[Opening Data for this exercise section]

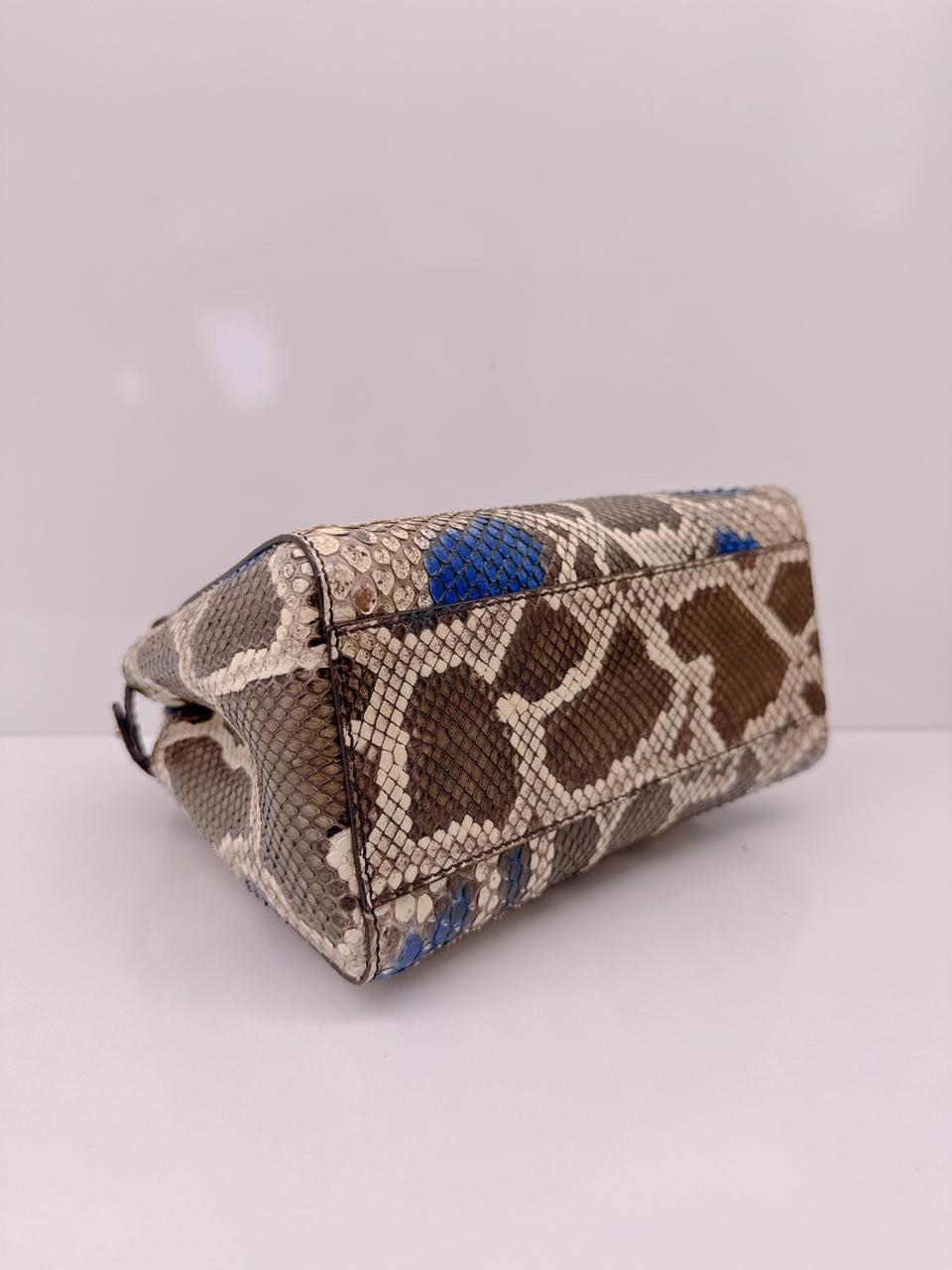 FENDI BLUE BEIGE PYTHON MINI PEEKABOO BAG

[Closing Data for this exercise section]
[Opening Data for this exercise section]

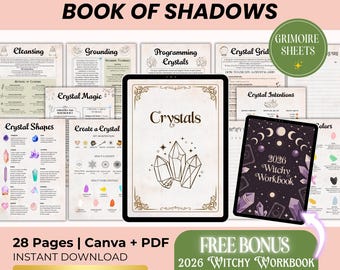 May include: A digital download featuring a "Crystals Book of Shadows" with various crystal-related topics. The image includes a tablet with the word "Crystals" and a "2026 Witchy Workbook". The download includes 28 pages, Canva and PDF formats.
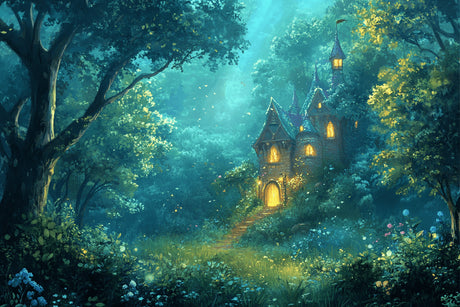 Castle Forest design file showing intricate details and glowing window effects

[Closing Data for this exercise section]

### [Problem requirements]
Go to the line above that contains "May include: A" and reproduce everything exactly from there through the line that contains "Castle Forest design", leaving out the pictures.

### [Written response]
 May include: A digital download featuring a "Crystals Book of Shadows" with various crystal-related topics. The image includes a tablet with the word "Crystals" and a "2026 Witchy Workbook". The download includes 28 pages, Canva and PDF formats.
 Castle Forest design file showing intricate details and glowing window effects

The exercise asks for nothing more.